§ **What is required**: Would you transcribe word for word every line from the one containing "A Swedish 20th" to the end of the data, both ends included, and leave out the rest?

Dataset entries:
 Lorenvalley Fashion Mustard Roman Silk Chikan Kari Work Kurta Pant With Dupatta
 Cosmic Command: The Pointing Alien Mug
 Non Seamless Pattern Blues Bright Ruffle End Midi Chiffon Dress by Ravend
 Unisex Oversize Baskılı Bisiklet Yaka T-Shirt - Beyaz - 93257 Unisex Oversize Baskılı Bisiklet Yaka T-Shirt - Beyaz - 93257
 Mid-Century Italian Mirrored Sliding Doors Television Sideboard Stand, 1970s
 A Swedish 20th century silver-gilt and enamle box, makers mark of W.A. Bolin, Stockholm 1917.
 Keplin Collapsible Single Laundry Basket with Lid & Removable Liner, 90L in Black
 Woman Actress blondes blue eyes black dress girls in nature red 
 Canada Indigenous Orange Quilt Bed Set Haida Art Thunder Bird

§ **Task response**:
 A Swedish 20th century silver-gilt and enamle box, makers mark of W.A. Bolin, Stockholm 1917.
 Keplin Collapsible Single Laundry Basket with Lid & Removable Liner, 90L in Black
 Woman Actress blondes blue eyes black dress girls in nature red 
 Canada Indigenous Orange Quilt Bed Set Haida Art Thunder Bird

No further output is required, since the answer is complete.